The expected result is the full listing, retyped exactly, without a single picture.
+++ Input
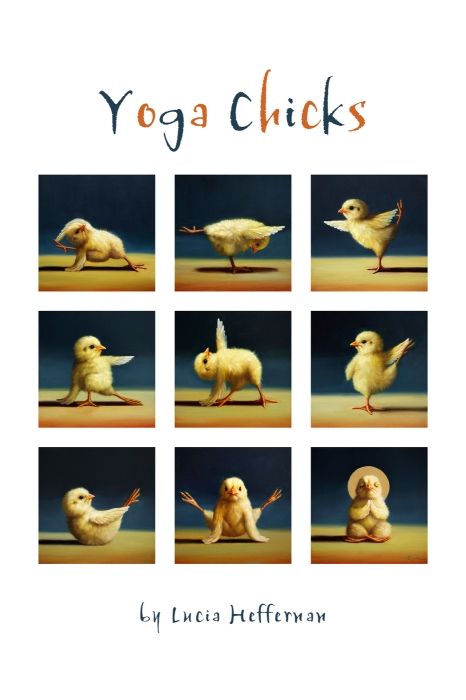 Yoga Chicks Collage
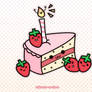 Present: Kawaii Birthday Cake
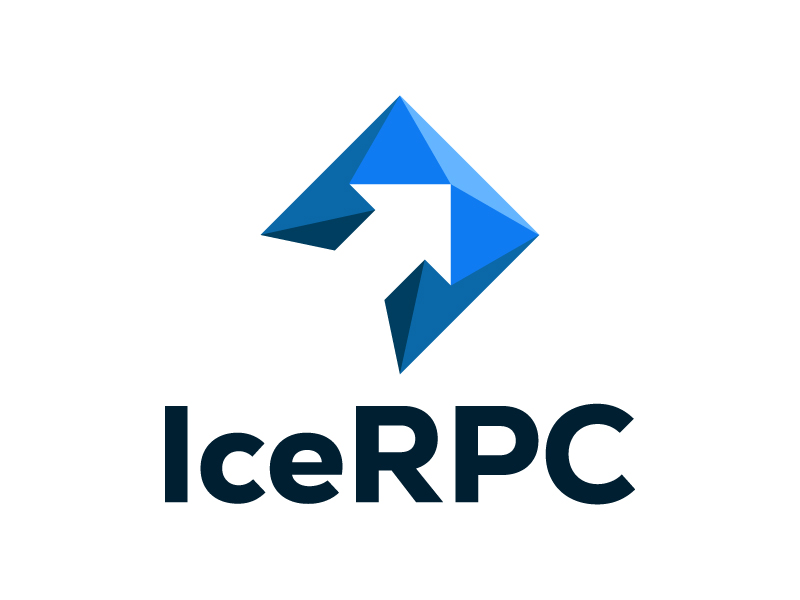 IceRPC logo design by LogoQueen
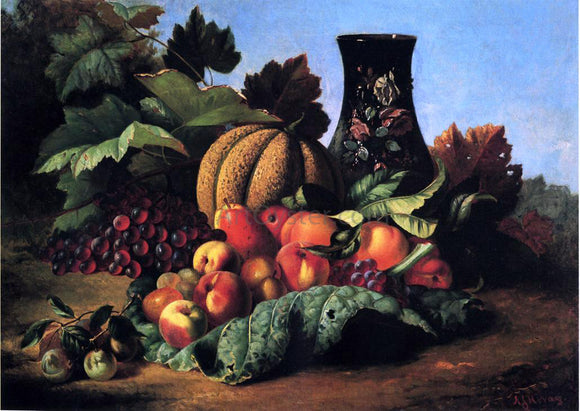  Andrew H. Way An Abundance of Fruit - Art Print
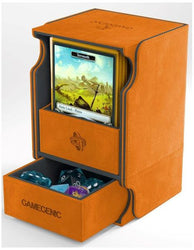 Gamegenic Deck Holder Watchtower (100) - Orange
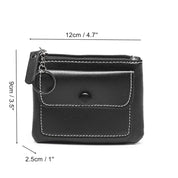 Kelly | Lässige PU-Leder Reisebrieftasche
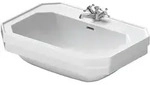 Duravit 1930 Waschtisch 70 cm, Badkeramik, 0438700000, wei&szlig;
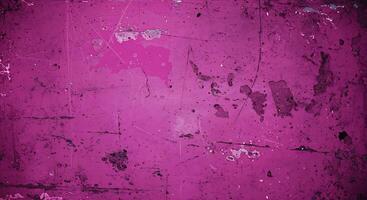 A grunge pink background with paint splatters photo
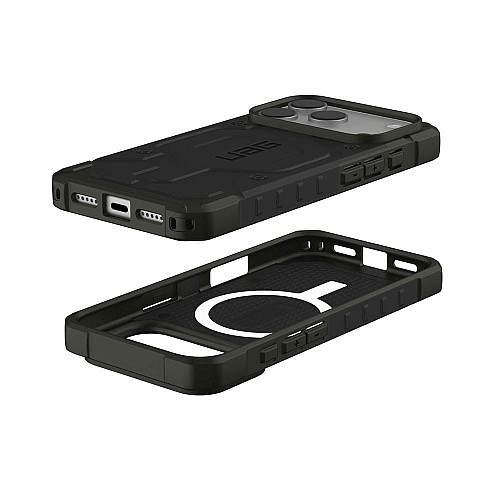 Чохол UAG для iPhone 17 Pro, Pathfinder MagSafe, Black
++++++
§ **Final answer**
 Yoga Chicks Collage
 Present: Kawaii Birthday Cake
 IceRPC logo design by LogoQueen
  Andrew H. Way An Abundance of Fruit - Art Print
 Gamegenic Deck Holder Watchtower (100) - Orange
 Kelly | Lässige PU-Leder Reisebrieftasche
 Duravit 1930 Waschtisch 70 cm, Badkeramik, 0438700000, wei&szlig;
 A grunge pink background with paint splatters photo
 Чохол UAG для iPhone 17 Pro, Pathfinder MagSafe, Black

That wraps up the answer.